## [Task]
Give the records once more, exactly as they stand.

* * *

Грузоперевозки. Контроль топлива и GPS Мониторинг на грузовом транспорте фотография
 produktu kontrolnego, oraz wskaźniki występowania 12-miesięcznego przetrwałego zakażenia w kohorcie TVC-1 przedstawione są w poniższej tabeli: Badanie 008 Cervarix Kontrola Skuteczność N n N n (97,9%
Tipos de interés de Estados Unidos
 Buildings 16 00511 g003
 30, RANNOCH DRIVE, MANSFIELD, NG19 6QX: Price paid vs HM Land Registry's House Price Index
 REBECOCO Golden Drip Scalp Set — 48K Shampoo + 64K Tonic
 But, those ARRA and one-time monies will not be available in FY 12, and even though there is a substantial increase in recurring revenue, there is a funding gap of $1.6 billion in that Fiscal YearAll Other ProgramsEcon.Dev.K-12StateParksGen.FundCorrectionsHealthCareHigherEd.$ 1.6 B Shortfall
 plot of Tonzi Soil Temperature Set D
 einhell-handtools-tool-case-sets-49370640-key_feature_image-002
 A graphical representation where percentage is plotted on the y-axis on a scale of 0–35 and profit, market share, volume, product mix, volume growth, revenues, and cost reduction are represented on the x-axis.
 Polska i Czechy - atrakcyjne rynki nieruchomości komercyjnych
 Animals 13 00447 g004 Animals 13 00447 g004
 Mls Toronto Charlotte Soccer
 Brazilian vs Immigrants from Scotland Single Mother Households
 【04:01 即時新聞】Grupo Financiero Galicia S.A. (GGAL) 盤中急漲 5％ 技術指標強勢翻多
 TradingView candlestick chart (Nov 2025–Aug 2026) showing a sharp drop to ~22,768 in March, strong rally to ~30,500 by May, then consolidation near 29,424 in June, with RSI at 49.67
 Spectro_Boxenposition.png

* * *

## [Answer space]
Грузоперевозки. Контроль топлива и GPS Мониторинг на грузовом транспорте фотография
 produktu kontrolnego, oraz wskaźniki występowania 12-miesięcznego przetrwałego zakażenia w kohorcie TVC-1 przedstawione są w poniższej tabeli: Badanie 008 Cervarix Kontrola Skuteczność N n N n (97,9%
Tipos de interés de Estados Unidos
 Buildings 16 00511 g003
 30, RANNOCH DRIVE, MANSFIELD, NG19 6QX: Price paid vs HM Land Registry's House Price Index
 REBECOCO Golden Drip Scalp Set — 48K Shampoo + 64K Tonic
 But, those ARRA and one-time monies will not be available in FY 12, and even though there is a substantial increase in recurring revenue, there is a funding gap of $1.6 billion in that Fiscal YearAll Other ProgramsEcon.Dev.K-12StateParksGen.FundCorrectionsHealthCareHigherEd.$ 1.6 B Shortfall
 plot of Tonzi Soil Temperature Set D
 einhell-handtools-tool-case-sets-49370640-key_feature_image-002
 A graphical representation where percentage is plotted on the y-axis on a scale of 0–35 and profit, market share, volume, product mix, volume growth, revenues, and cost reduction are represented on the x-axis.
 Polska i Czechy - atrakcyjne rynki nieruchomości komercyjnych
 Animals 13 00447 g004 Animals 13 00447 g004
 Mls Toronto Charlotte Soccer
 Brazilian vs Immigrants from Scotland Single Mother Households
 【04:01 即時新聞】Grupo Financiero Galicia S.A. (GGAL) 盤中急漲 5％ 技術指標強勢翻多
 TradingView candlestick chart (Nov 2025–Aug 2026) showing a sharp drop to ~22,768 in March, strong rally to ~30,500 by May, then consolidation near 29,424 in June, with RSI at 49.67
 Spectro_Boxenposition.png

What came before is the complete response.